The Testimony of Joseph Perry

Mr. Perry testified that the justice who presided over his second murder trial had represented him on a robbery charge when Mr. Perry was a juvenile. He stated that he did not realize that connection initially; however, he added that, about three days into the murder trial in September of 1998, his brother pointed it out to him. It was Mr. Perry's further testimony that he then communicated his thought as to what he considered to be a potential conflict to his attorney the next day while meeting with him in the "cellblock." Mr. Perry further stated that he told his attorney that he did not feel "comfortable" with the trial justice continuing to preside over the second murder trial.[3] Mr. Perry stated: "I didn't feel comfortable with him being there because he was only going to draw one conclusion in my mind and I didn't believe it was going to give me a fair shake." He testified that his attorney then told him that "they're not going to change the judge in the middle of a trial."

Mr. Perry was asked what he was seeking in the postconviction relief action, and he responded that he wanted "some kind of offer like they offered [his] co-defendant." He further stated: "They offered me nothing, never offered me anything; some kind of relief;" he added, "I'm just looking for some kind of remedy." It should be borne in mind, however, that on cross-examination, Mr. Perry expressly acknowledged that he had killed the victim.
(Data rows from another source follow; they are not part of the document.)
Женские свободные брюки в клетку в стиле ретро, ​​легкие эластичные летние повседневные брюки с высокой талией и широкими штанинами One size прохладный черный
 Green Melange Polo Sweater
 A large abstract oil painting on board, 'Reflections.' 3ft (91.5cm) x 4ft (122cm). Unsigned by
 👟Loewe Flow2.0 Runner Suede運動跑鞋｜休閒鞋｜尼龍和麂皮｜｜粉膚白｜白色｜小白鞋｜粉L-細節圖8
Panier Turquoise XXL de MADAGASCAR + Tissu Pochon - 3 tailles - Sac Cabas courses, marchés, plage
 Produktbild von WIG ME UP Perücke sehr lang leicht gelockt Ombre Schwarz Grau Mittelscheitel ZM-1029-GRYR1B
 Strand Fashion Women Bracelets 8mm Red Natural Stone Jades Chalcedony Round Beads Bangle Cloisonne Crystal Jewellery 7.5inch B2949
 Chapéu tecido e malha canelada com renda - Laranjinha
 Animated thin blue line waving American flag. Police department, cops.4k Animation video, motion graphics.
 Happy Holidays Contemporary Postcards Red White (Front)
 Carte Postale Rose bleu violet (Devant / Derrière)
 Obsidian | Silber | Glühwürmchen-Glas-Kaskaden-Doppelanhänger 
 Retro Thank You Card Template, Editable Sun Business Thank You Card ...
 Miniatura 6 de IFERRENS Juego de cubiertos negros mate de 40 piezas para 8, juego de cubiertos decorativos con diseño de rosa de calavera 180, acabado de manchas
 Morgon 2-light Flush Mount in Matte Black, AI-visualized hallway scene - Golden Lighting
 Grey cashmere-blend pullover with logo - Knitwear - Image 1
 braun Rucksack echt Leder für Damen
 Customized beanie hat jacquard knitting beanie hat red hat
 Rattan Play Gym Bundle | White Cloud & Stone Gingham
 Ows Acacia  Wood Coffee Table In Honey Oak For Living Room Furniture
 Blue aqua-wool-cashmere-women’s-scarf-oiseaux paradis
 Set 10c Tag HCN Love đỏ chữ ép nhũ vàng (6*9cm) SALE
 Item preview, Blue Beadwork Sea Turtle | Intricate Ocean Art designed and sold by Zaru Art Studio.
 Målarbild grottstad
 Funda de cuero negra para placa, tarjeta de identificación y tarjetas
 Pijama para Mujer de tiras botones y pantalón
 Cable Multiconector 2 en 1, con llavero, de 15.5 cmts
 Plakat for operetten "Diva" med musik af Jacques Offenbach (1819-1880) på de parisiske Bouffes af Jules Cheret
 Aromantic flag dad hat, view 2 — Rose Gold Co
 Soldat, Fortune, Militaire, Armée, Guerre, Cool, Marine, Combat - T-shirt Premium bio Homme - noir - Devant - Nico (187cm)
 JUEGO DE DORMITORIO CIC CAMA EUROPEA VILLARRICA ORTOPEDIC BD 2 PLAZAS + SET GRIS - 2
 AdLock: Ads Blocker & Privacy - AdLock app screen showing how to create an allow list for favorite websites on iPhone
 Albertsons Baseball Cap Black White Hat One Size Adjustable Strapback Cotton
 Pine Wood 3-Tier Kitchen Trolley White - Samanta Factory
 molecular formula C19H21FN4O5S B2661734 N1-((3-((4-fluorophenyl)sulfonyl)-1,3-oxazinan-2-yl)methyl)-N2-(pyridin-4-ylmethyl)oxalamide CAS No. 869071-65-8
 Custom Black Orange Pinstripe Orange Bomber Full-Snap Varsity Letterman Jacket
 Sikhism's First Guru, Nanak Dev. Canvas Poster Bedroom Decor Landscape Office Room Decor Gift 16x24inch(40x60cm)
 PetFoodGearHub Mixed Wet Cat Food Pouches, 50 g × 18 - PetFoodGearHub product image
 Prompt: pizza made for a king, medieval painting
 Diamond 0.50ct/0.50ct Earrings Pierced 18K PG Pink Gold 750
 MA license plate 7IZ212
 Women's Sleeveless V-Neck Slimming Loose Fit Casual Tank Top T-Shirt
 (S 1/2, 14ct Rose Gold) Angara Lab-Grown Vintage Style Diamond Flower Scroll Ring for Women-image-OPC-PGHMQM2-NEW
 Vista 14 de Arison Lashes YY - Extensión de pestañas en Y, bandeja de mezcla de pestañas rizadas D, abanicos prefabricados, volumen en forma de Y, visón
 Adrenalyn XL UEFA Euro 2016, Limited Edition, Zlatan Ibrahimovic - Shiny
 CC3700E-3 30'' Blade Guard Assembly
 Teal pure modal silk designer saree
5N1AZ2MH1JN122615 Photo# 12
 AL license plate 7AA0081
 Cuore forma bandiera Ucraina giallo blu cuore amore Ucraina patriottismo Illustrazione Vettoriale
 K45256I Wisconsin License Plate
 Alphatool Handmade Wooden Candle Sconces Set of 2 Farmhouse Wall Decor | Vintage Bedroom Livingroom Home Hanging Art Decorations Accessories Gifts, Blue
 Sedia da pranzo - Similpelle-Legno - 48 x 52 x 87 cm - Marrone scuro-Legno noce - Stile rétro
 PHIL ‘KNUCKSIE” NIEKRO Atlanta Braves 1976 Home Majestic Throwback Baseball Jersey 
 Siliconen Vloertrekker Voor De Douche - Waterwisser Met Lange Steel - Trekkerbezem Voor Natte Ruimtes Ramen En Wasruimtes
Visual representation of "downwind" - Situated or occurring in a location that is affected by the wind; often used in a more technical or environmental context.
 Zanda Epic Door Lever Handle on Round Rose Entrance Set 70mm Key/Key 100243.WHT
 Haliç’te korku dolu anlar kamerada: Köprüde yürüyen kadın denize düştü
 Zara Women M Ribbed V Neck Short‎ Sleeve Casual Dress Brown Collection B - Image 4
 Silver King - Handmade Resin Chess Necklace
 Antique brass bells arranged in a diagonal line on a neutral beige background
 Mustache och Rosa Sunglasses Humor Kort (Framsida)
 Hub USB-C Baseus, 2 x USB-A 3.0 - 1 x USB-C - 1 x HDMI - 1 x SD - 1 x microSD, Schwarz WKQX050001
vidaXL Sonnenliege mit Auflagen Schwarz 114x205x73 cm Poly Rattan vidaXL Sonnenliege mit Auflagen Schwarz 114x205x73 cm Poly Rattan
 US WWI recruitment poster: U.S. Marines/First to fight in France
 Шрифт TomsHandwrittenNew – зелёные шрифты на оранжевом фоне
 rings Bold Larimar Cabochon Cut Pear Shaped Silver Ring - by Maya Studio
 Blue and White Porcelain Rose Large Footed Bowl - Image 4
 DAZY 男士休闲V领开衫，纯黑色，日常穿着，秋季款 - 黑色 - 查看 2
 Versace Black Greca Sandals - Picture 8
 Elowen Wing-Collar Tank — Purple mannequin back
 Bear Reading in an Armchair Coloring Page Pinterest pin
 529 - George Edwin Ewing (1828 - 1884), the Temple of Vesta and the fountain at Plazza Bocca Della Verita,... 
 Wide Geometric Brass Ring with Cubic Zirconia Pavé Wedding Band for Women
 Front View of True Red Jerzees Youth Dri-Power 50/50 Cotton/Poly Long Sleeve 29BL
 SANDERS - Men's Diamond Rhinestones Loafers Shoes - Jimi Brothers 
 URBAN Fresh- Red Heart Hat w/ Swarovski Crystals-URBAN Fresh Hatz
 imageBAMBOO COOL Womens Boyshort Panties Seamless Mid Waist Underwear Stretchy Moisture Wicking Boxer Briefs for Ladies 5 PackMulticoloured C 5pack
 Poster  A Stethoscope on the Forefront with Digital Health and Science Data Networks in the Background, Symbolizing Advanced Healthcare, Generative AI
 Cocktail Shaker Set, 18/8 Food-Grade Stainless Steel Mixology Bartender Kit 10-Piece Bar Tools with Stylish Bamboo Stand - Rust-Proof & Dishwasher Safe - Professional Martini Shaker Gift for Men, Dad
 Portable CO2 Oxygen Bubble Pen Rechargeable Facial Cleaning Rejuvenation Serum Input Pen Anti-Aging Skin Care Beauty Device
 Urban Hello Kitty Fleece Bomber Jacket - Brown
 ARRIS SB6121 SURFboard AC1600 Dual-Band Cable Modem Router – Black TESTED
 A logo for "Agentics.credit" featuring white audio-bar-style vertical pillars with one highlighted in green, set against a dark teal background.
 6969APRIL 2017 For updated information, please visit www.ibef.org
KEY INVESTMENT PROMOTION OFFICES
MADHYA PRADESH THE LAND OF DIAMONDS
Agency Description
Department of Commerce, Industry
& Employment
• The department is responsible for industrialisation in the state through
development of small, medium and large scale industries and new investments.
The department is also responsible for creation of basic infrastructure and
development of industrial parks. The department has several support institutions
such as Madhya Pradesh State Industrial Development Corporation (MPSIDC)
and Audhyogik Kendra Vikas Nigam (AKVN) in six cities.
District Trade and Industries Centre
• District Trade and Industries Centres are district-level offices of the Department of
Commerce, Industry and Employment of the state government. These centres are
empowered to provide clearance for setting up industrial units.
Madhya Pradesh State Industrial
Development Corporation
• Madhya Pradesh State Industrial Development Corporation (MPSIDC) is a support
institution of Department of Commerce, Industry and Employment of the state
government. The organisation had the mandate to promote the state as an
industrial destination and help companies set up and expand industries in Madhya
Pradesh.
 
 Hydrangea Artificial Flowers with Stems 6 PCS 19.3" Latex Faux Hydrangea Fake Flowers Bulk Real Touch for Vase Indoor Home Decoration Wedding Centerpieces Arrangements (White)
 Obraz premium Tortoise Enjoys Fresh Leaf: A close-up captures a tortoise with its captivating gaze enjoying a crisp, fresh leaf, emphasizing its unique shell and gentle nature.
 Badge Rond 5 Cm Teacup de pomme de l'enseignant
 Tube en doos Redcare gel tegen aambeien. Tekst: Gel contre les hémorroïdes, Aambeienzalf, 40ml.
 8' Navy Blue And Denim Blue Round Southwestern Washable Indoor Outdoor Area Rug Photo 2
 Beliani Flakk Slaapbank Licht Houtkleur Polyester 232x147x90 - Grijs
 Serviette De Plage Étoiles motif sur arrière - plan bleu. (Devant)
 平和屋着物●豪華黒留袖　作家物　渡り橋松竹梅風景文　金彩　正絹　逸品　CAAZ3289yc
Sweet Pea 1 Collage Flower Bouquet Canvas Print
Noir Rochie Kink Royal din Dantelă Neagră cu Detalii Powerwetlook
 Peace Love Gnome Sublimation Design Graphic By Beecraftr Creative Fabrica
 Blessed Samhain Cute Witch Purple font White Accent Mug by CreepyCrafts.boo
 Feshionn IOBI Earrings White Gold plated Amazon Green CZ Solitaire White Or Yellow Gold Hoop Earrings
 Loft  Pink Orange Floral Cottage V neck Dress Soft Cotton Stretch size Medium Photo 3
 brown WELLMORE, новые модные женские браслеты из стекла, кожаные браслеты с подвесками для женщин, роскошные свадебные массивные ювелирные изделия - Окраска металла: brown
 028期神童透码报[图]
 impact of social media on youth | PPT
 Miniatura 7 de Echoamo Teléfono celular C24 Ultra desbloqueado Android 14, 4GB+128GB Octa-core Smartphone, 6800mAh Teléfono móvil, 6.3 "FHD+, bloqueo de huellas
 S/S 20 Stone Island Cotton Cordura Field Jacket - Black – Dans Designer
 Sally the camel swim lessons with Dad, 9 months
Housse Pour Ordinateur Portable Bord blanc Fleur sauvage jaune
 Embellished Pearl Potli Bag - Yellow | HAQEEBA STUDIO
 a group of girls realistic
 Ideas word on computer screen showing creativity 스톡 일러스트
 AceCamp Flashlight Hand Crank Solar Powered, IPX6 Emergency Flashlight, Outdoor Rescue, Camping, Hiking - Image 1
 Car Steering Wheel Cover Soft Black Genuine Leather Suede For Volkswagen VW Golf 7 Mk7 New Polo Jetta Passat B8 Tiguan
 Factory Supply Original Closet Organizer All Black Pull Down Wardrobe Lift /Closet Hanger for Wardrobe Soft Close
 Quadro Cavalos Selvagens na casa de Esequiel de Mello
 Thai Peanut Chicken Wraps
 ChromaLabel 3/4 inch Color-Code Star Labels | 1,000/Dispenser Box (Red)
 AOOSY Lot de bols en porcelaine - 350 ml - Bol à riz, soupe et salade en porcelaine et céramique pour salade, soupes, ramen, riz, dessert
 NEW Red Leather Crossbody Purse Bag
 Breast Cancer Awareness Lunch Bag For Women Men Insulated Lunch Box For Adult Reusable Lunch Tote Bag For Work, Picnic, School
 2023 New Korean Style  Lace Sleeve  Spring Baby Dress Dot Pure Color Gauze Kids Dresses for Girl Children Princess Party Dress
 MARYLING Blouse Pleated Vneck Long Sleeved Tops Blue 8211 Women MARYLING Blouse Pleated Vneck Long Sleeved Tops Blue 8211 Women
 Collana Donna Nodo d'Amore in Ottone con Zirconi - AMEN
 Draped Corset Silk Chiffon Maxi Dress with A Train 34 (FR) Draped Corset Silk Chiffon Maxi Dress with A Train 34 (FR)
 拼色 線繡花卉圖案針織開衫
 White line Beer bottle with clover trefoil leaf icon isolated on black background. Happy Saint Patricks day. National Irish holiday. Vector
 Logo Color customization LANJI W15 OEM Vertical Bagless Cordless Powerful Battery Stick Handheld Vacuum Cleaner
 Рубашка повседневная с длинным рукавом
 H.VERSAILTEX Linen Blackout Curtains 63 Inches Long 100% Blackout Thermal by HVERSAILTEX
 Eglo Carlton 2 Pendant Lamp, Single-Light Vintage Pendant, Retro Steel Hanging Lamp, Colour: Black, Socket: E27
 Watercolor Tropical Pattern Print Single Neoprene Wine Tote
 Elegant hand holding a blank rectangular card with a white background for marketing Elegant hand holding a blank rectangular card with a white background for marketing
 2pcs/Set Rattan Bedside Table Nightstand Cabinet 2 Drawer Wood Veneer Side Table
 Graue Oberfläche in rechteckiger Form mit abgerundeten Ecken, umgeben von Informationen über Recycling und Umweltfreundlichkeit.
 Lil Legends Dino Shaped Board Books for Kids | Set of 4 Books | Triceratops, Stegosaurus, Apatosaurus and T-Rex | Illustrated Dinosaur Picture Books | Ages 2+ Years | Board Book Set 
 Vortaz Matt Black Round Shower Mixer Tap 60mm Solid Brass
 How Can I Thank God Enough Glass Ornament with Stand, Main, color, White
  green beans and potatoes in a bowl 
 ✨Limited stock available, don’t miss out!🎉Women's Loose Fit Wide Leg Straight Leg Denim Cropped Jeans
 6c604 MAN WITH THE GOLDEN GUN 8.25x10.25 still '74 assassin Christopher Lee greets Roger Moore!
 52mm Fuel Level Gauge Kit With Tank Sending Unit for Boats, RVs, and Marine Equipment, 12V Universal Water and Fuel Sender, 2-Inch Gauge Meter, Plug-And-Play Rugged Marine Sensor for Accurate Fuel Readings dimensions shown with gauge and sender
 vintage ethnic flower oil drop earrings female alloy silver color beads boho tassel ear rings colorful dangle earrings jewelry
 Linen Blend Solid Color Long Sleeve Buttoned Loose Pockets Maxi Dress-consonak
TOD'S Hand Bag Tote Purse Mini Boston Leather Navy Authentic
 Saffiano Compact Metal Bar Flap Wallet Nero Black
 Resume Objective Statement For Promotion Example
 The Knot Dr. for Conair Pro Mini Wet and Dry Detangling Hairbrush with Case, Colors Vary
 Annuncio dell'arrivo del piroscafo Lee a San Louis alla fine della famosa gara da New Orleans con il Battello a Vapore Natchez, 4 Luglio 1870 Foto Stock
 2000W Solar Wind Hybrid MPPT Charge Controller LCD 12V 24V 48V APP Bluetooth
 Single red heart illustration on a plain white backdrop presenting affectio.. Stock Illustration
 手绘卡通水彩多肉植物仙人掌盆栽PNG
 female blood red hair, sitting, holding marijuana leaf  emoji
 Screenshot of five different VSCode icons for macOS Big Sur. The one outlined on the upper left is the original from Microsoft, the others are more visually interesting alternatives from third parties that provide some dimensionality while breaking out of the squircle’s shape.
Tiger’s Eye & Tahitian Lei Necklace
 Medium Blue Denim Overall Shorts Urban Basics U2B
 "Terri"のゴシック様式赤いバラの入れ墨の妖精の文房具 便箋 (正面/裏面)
On cross-examination, Mr. Perry was confronted with the fact that, in his filings in support of his application for postconviction relief, he had stated that, before the 1998 murder trial commenced, he knew that the justice who presided over that trial had represented him as a lawyer; that statement was contrary to his testimony during his direct examination. Mr. Perry additionally acknowledged on cross-examination that he never asked the attorney who represented him at his second murder trial to move for a mistrial or to "stand up and tell the judge, inform the judge" of Mr. Perry's concerns with respect to the justice's potential prejudice against him. When he was asked the following question: "[A]s far as you know [the trial justice] had no idea that he had formerly represented you * * * ?" Mr. Perry responded: "Not to my knowledge."